Obviously the best is missing: T-34. No other tank combines armor, reliability, firepower, versatility and last but not least availability like it does. Panther is certainly very good, probably second, but it was plagued by reliability problems for a very long time.


----------



## Danielmellbin (Jun 24, 2008)

OOOPS - thought i put the T34 in there -  man... that sucks...


----------



## starling (Jun 24, 2008)

i do however krazykrout like the mk4 panzer,great allrounder,plus look what it spawned,the jagdpanzer4 tank destroyer and also self propelled arty,150mm and 105mm guns,i believe.yours,starling. .


----------



## seesul (Jun 24, 2008)

Danielmellbin said:


> OOOPS - thought i put the T34 in there -  man... that sucks...



so try to add it there. I´ve never made a poll but I think you can do it...thanks in advance...


----------



## Danielmellbin (Jun 24, 2008)

nah - just tried - makin three new polls - light - medium and heavy - will remember to double check for screwups this time around


----------



## seesul (Jun 24, 2008)

Danielmellbin said:


> nah - just tried - makin three new polls - light - medium and heavy - will remember to double check for screwups this time around



Ok. Forgiven


----------



## timshatz (Jun 24, 2008)

Think the M36 was called "the Slugger" and was a TD (tank destroyer), not a tank. The Pershing, if memory serves me right, was the M26. just a technical point. 

My pick is the Panther. Just a really well made tank. Almost perfect balance of power, armor and speed. Gun was outstanding and very effective for it's size. So well designed that the French kept making them after the war to use in their armoured vehicles.


----------



## Danielmellbin (Jun 24, 2008)

timshatz said:


> Think the M36 was called "the Slugger" and was a TD (tank destroyer), not a tank. The Pershing, if memory serves me right, was the M26. just a technical point.
> 
> My pick is the Panther. Just a really well made tank. Almost perfect balance of power, armor and speed. Gun was outstanding and very effective for it's size.
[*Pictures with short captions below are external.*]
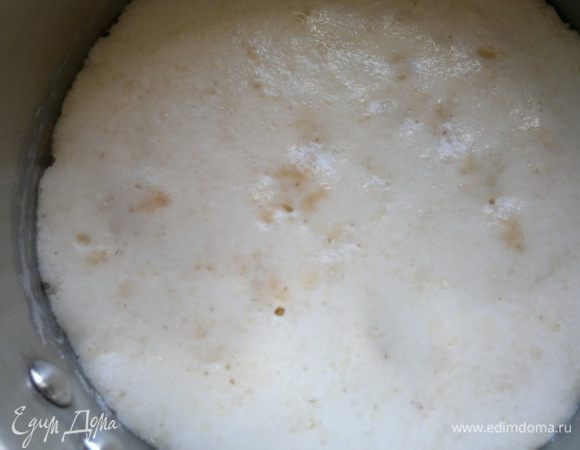 Теперь добавим соль, желток, сахар, растопленное масло и маргарин, хорошо смешиваем и постепенно всыпаем муку, доводим до густой консистенции и отправляем тесто на расстойку в тепло на один час.
Муку я добавляла столько, сколько понадобилось до густого!!! состояния. 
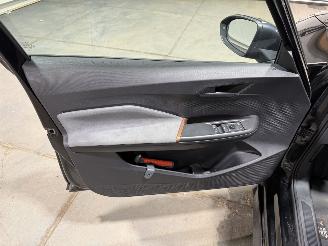 Cupra Born 63kWh 170kW Business picture 32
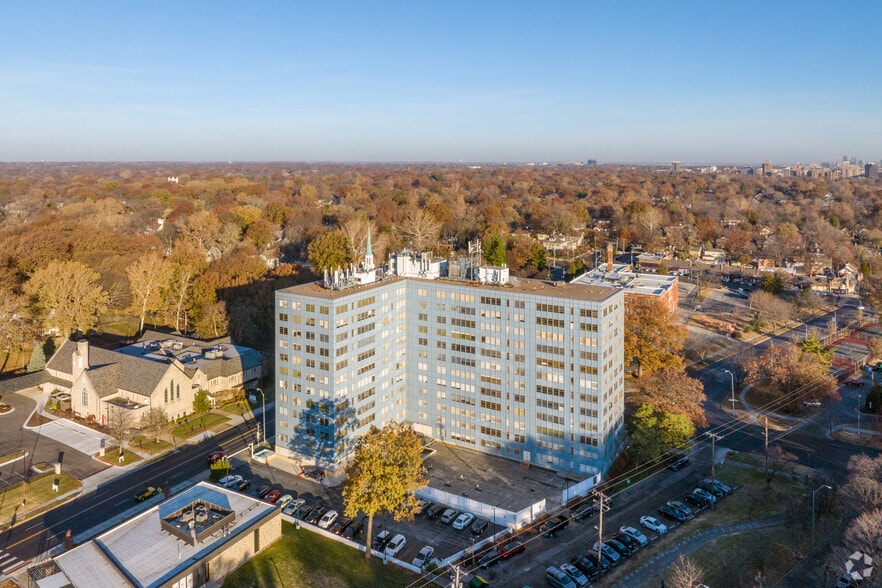 333 W Meyer Blvd, Kansas City, MO à vendre - Aérien - Image 3 de 4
So well designed that the French kept making them after the war to use in their armoured vehicles.



Yup you're right about the M26 - man this whole thread is somewhat messed up - ive made three new ones now: one for light, medium and heavy armor - there will probably be some discussion as to what qualifies a tank to each category - but ive divided them to the best of my knowledge/ability - and although some might disagree there are no glaring mistakes as in this post.
(Wish i could just delete this one )


----------



## trackend (Jun 24, 2008)

T34


----------



## DerAdlerIstGelandet (Jun 24, 2008)

Danielmellbin said:


> OOOPS - thought i put the T34 in there -  man... that sucks...



T-34 was added for you.


----------



## DerAdlerIstGelandet (Jun 24, 2008)

Got to go with the Tiger here.

It was the best tank. In a one on one situation it had the best combination of armour and armament.

However in the end the best tank was the Sherman. Why?

It was easy to produce and mass numbers is what did in the Panzer.


----------



## Danielmellbin (Jun 24, 2008)

DerAdlerIstGelandet said:


> T-34 was added for you.



Hey - thanks alot  

Yea the Shermans and T34's sheer production numbers kindof made the panzers inadequet no matter how good they were. But I meant the poll more as a: which tank was best in the year/place it was used?


But most of the tanks i listed had a glory day at some point (except the Italian ones)


----------



## Mitya (Jun 25, 2008)

T-34


----------



## Bigxiko (Jun 26, 2008)

for me it's the T-34


----------



## JugBR (Jun 26, 2008)

the real best tank was the tiger, but my vote is for t-34 the tank who scared the germans, and also made them develops the panther. 

in honor to the winners of battle of kursk. never forgotten, heroes forever.


----------